Adobe Systems AIR 1.0
A blinding debut release, Adobe AIR 1.0 lowers the skills requirements and costs for desktop deployment by leveraging a cross-platform runtime (from a single code base) and familiar Web technologies. Developers can take advantage of streamlined interfaces and a persistent local data store to give rich Web apps a native look and feel — including offline functionality.
Adobe's rich internet application (RIA) toolkit lifts Flash and AJAX out of the browser and on to the desktop. Adobe AIR 1.0 shines with light technical requirements and good features, but security and OS integration could go deeper.
Adobe AIR 1.0 brings new hope to Web developers looking to combine the global connectedness of browser-based applications with the persistence and functionality of first-class, local desktop apps.
The resulting application gains access to OS features such as dragging and dropping to and from the local file system, clipboard access for cutting and pasting between AIR and other applications, network connectivity, encrypted local storage and, perhaps most noteworthy, offline functionality. Thanks to AIR's persistent, local SQLite data store, AIR apps continue to function without a network connection.
Further, AIR apps don't require Web developers to learn anything new. They can easily create AIR apps using the tools and techniques they already know. Because AIR is cross-OS compatible, the same application code can be deployed to Windows, Mac and, eventually, Linux systems. An alpha version of AIR for Linux is available at Adobe Labs.
Pieces of AIR
Adobe AIR comprises several components. The SDK is a command line toolkit for packaging and deploying Web applications as AIR apps. It includes a schema template for generating the AIR manifests (which define various properties of each application including name, security certificate, and files included within the package), APIs for the framework, a service monitor and a command line debugger that lets you do some testing without first needing to package up your app. The entire lot is available for free and open sourced under the Mozilla Public Licence.
The underlying application components are packed into an AIR installer file, which is little more than a zip file containing program assets, the XML manifest and a digital certificate to verify authenticity.
The command line tools are easy enough to work with, and you can use any text editor to create an AIR app.
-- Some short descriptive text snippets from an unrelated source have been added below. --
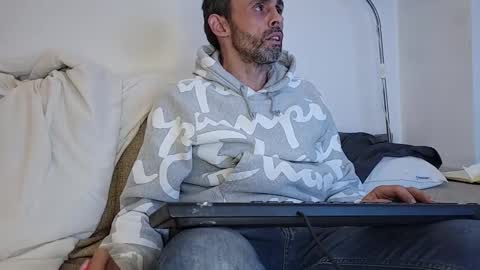 Snapshot of begbestuk chatting on 22, 9, 2025 begbestuk online show from 22, 9, 2025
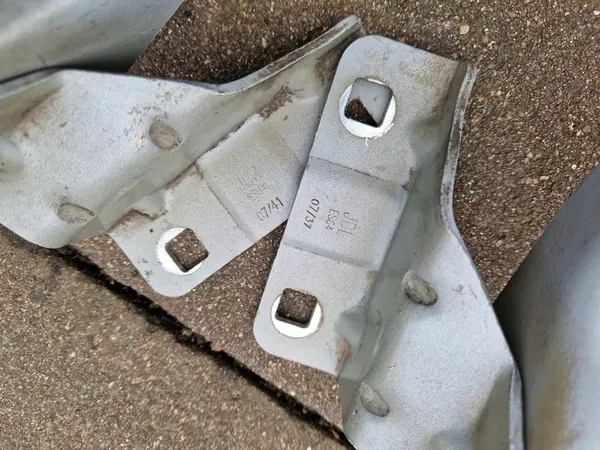 Nissan Qashqai J10 Hood Hinges Complete 06-2013 image 4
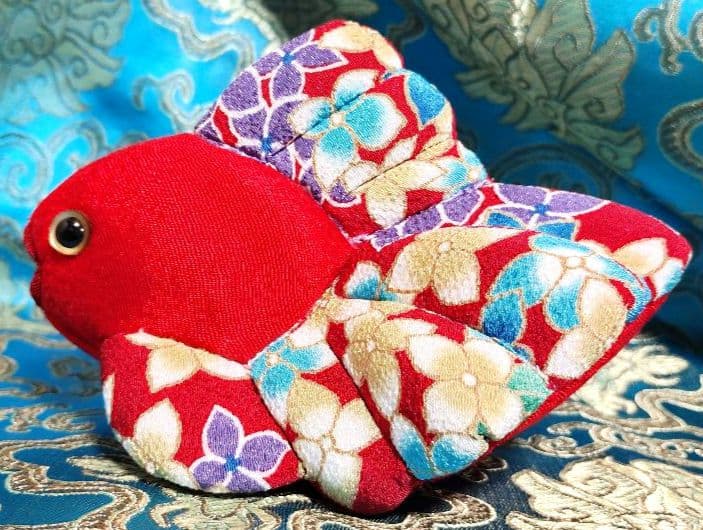 木目込み人形　金魚の親子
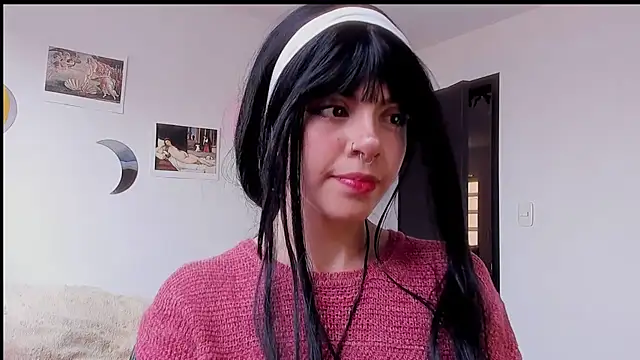 Snapshot of Nyxara- chatting on 18, 4, 2026 Nyxara- online show from 18, 4, 2026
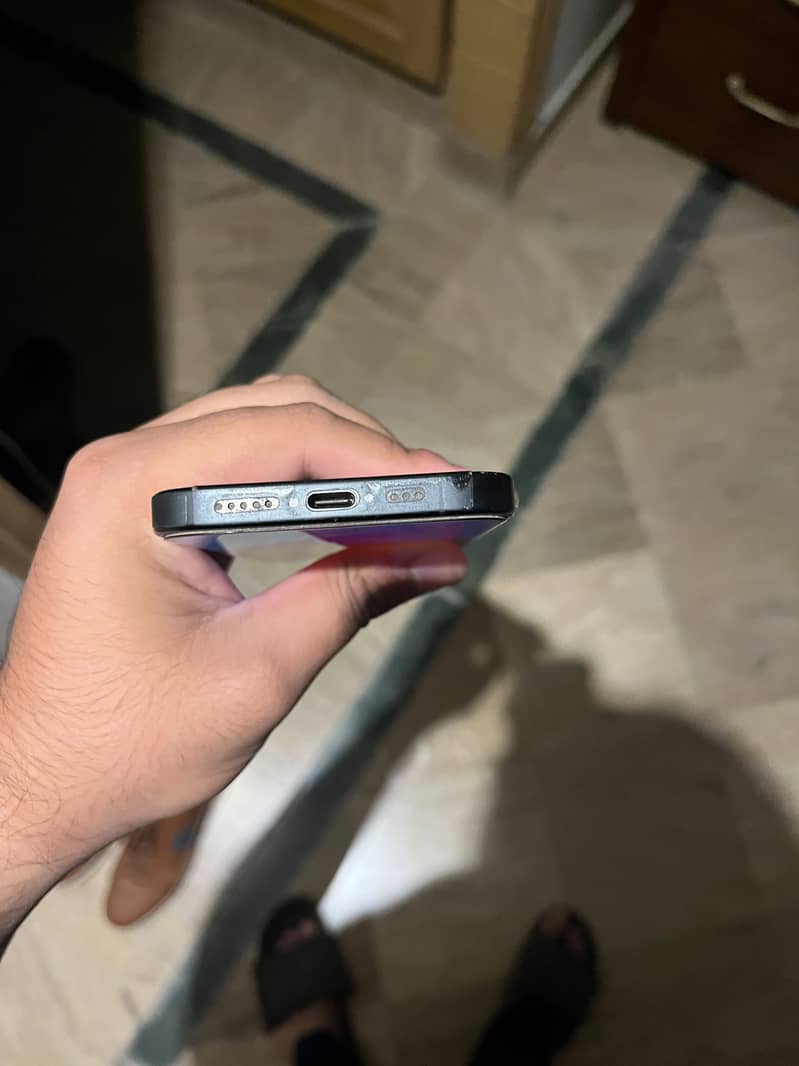 Apple iPhone 16 Pro 5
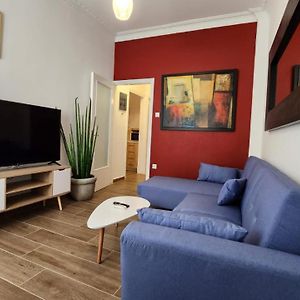 Gazi Apartment With Breakfast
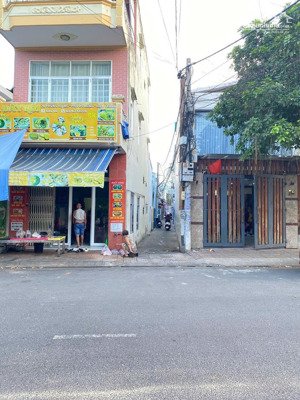 bán nhà hẻm 76 phùng hưng gần biển, vị trí đắc địa 3,25 tỷ diện tích: 73m2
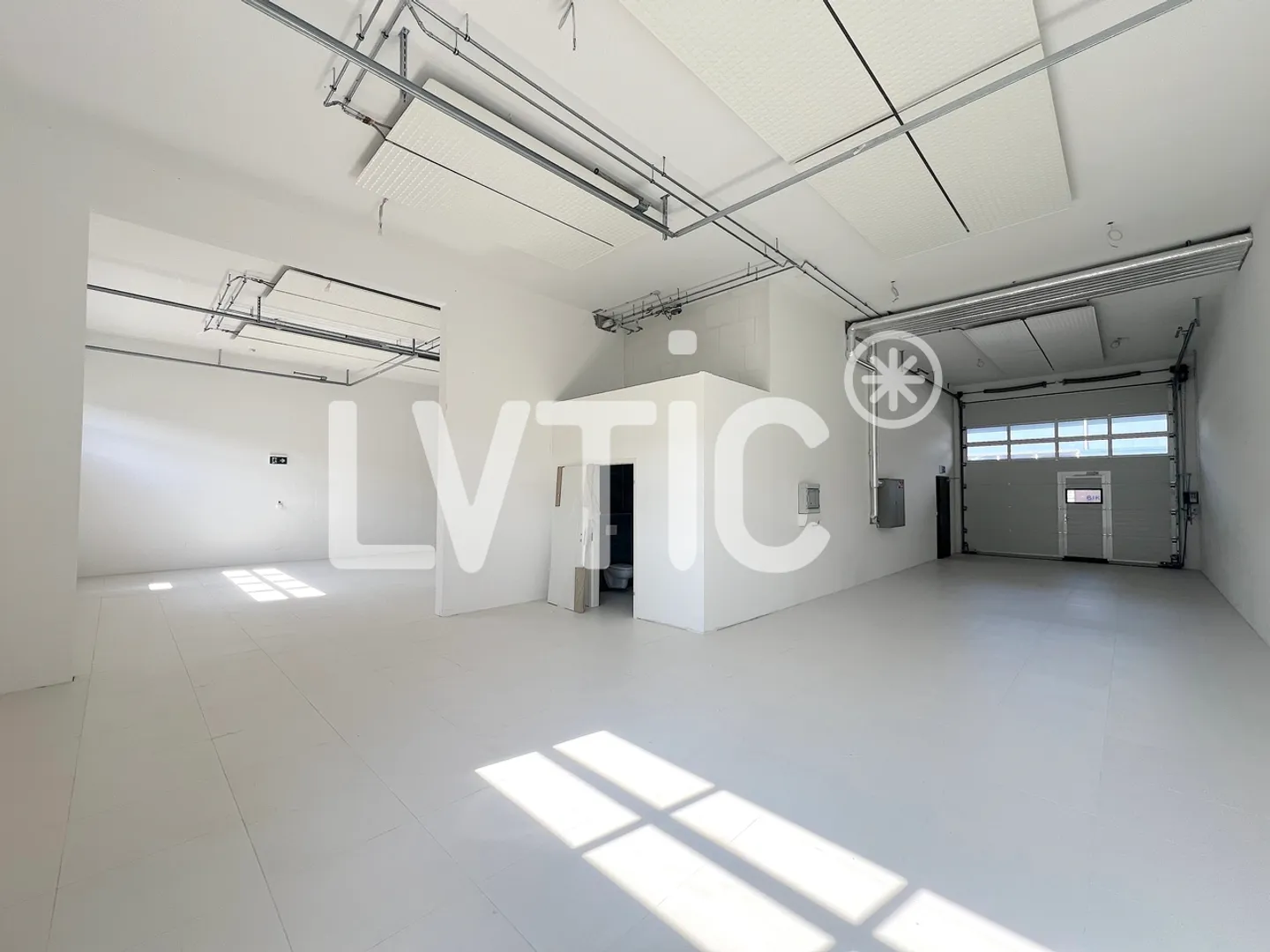 Bâtiment industriel, ateliers, bureaux de 847 m2 à vendre à Collombey - Photo 4 sur 11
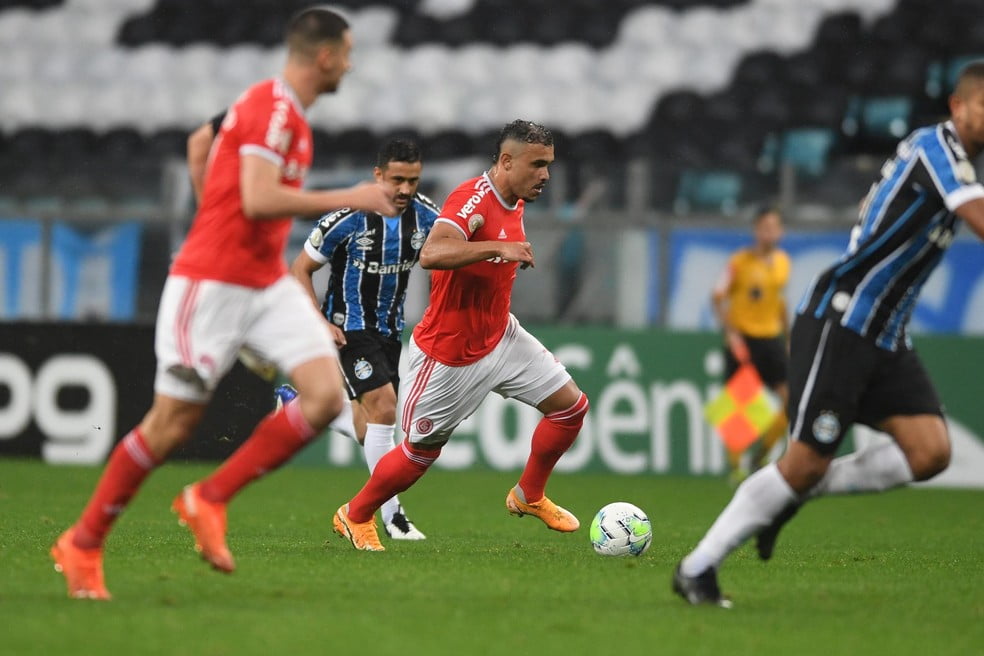 Pottker volta a ser opção, deve ficar no Inter e faz post na web contra "pensamentos negativos" Pottker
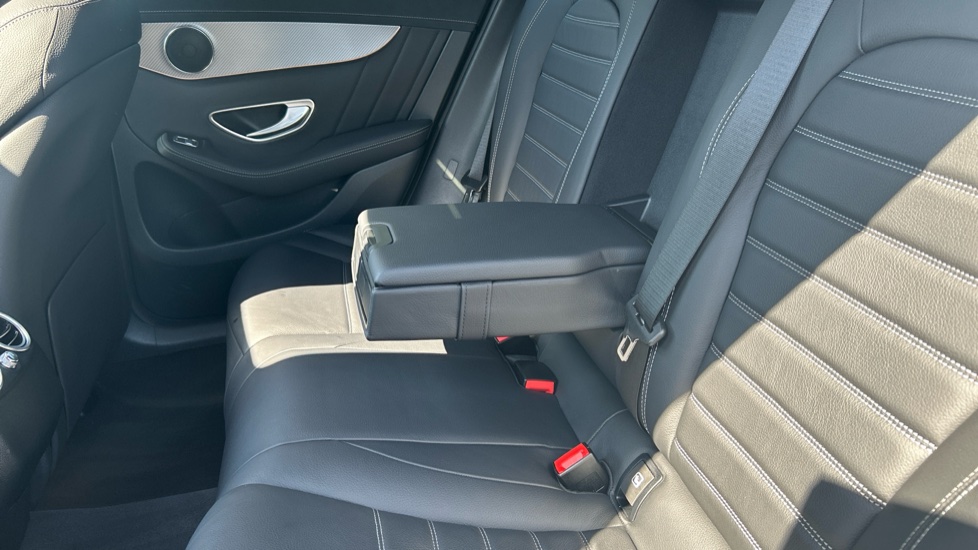Mercedes-Benz EQC 400 300kW AMG Line Premium 80kWh 5dr Auto Electric Estate - Image 35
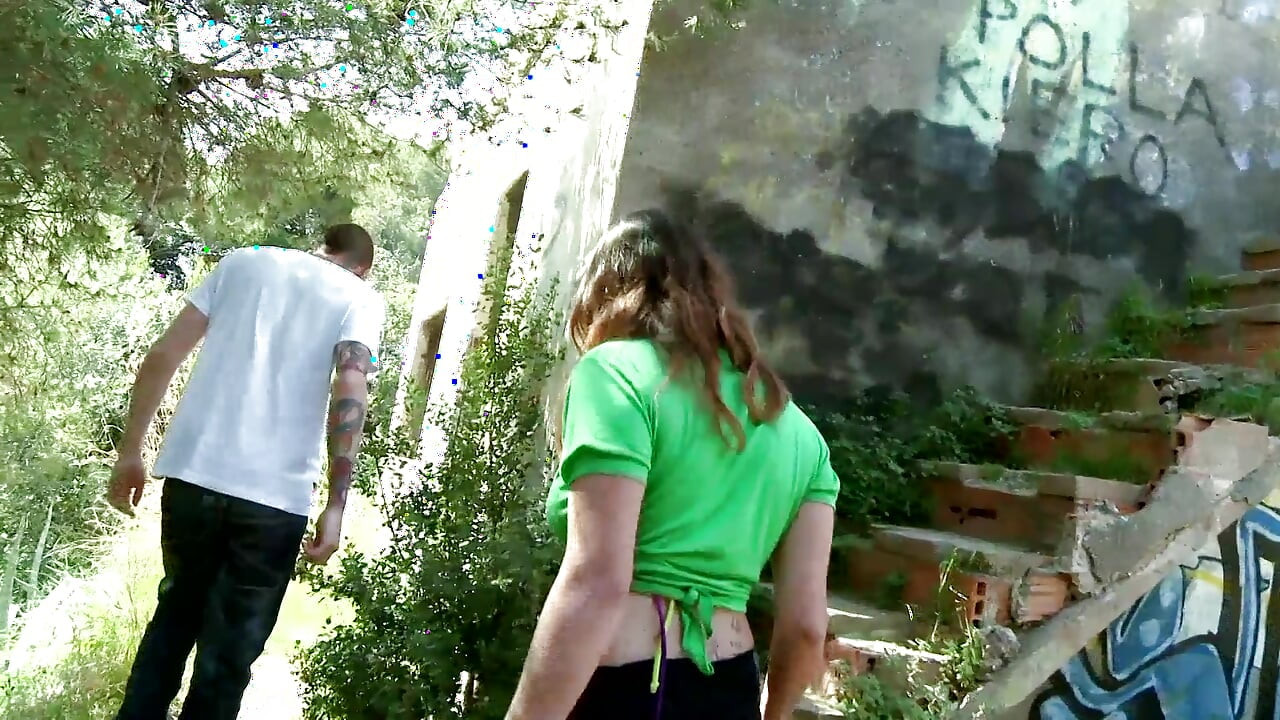 Ateşli ve seksi esmer sert sikişmek için sessiz bir yere getirdi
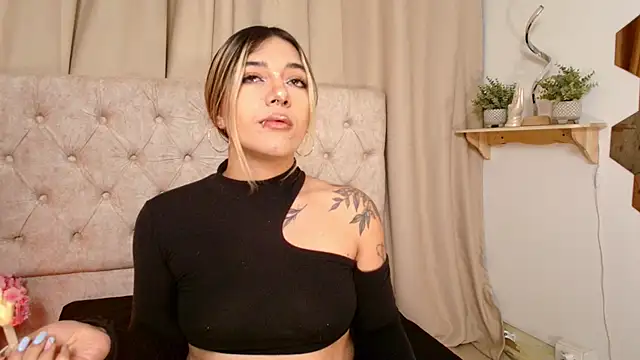 Snapshot of ashleyvalirya chatting on 03/07/25, 04:02 ashleyvalirya online show from 03/07/25, 04:02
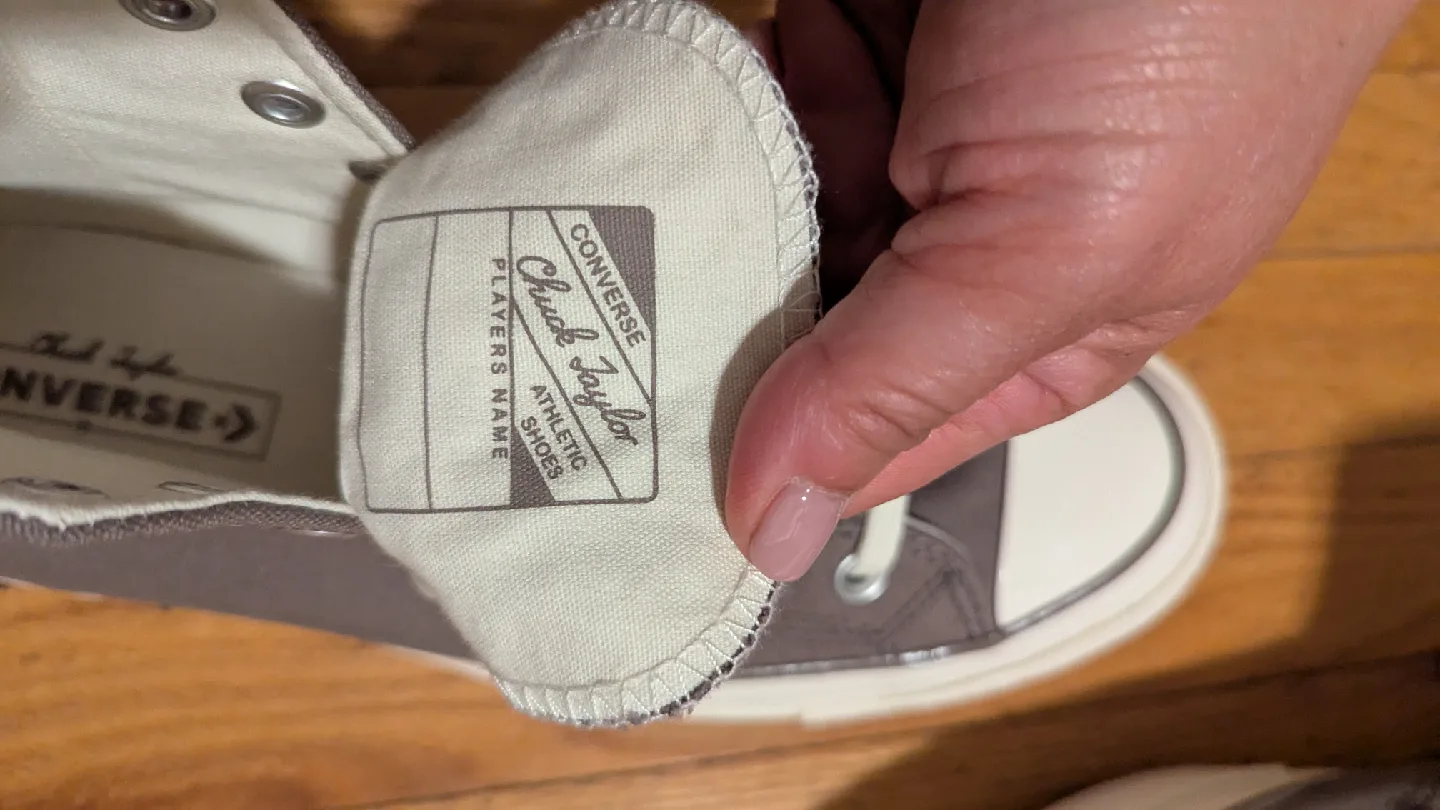 Converse Chuck Taylor All Star High Top - Size 12 Mens image indicator(5)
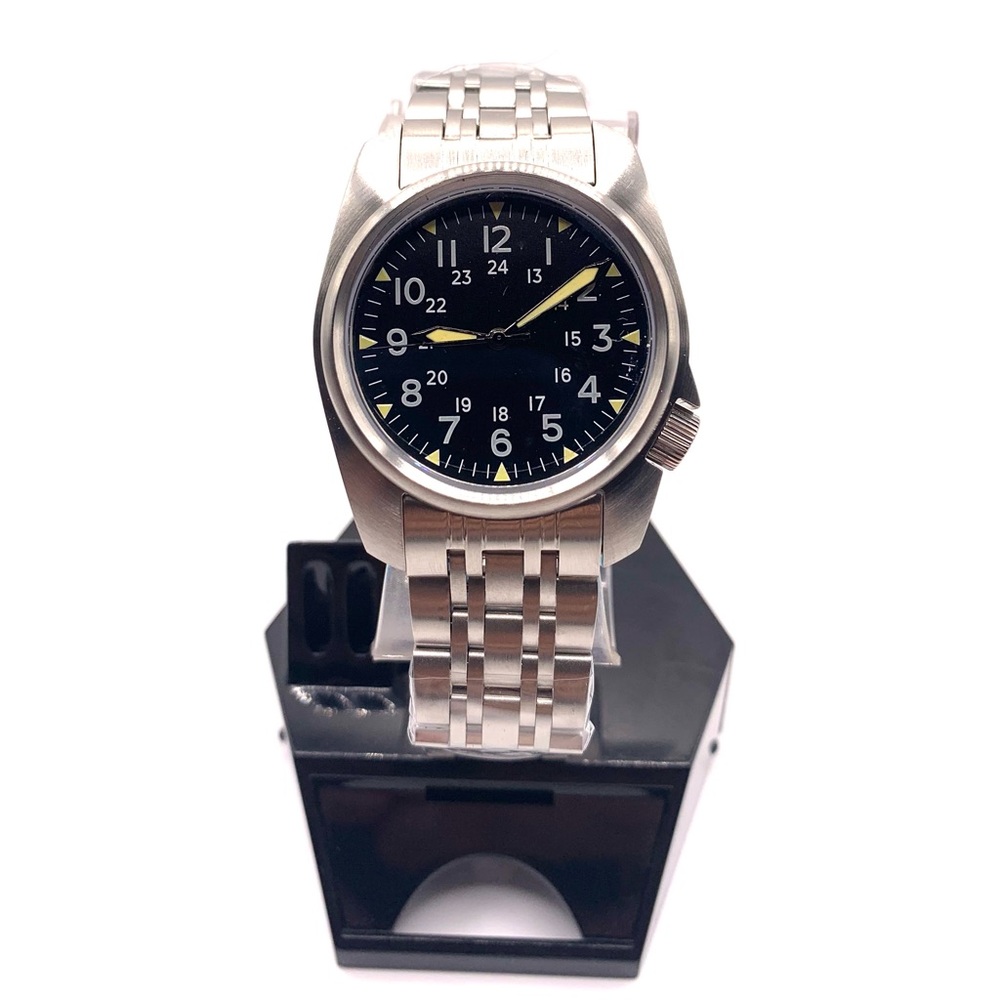 Men's designer watch brand new never worn w/ extra strap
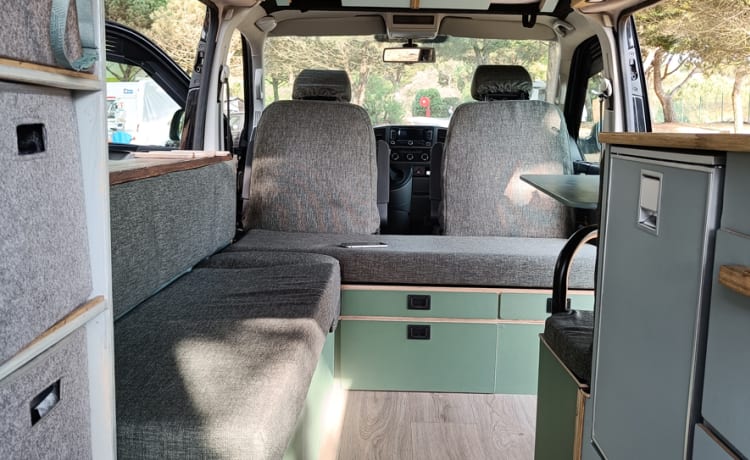 VW Bussy – Volkwagen T5 met buitenkeuken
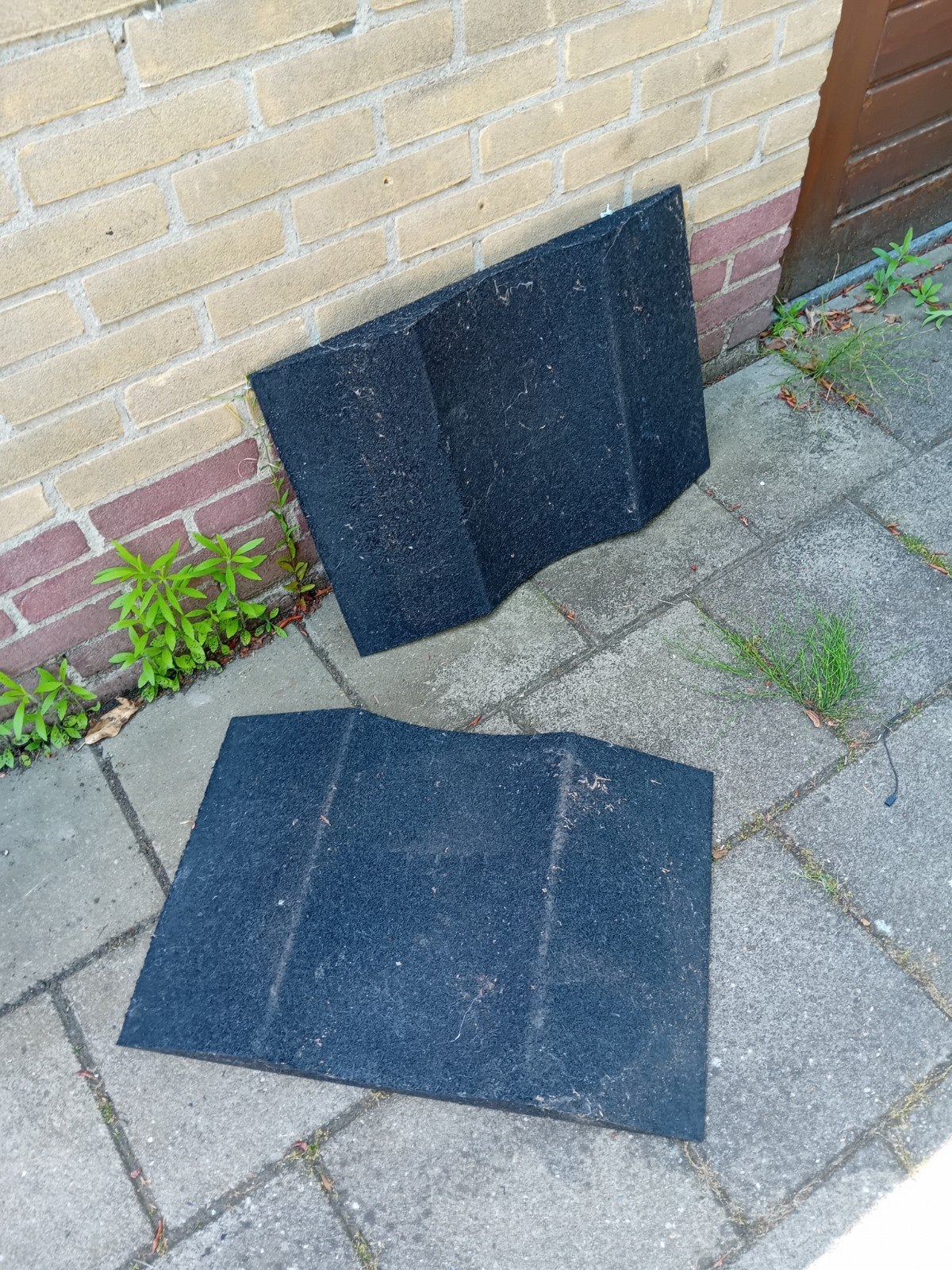 2 rubberen grond platen / keggen., Ophalen, Campingstoel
Adobe provides plug-ins for creating AIR applications in Flash CS3 and Dreamweaver CS3, as well as third-party tools such as Aptana Studio.
However, we recommend you try Adobe's new commercial development tool, the Flex Builder 3.0 IDE. Based on Eclipse, Flex Builder provides easy graphical tools for laying out GUIs, binding to servers and data sources and generating the underlying MXML code.
AIR apps can take advantage of protocols including FTP, AMF (ActionScript Messaging Format), JSON, SOAP and RTMP (Real Time Messaging Protocol for streaming media), and they can communicate with Adobe LiveCycle and BlazeDS servers using server-side RPC and messaging calls.
Clipboard access and drag-and-drop interaction with the file system notwithstanding, AIR's access to native code libraries and the underlying OS could be deeper. For example, AIR lacks a USB API, and although printing is supported, printing of images is limited to raster renderings versus full-vector support.
AIR's independence from native libraries provides a cleaner experience, but access to native code could provide not only better performance (particularly for calculation-intensive processes), but also a richer set of pathways to existing code/routines and the ability to launch local apps for specific file types.
Similarly, although security is thoughtfully addressed, it too could go further. First the good news. Local storage is protected by 128-bit encryption. AIR apps can be digitally signed and verified at runtime (via VeriSign or Thawte certificates). Administrators can control (via OS registry key) which AIR apps may be installed on a local system (trusted source only, for example, or none at all), and whether they can be updated automatically or uninstalled.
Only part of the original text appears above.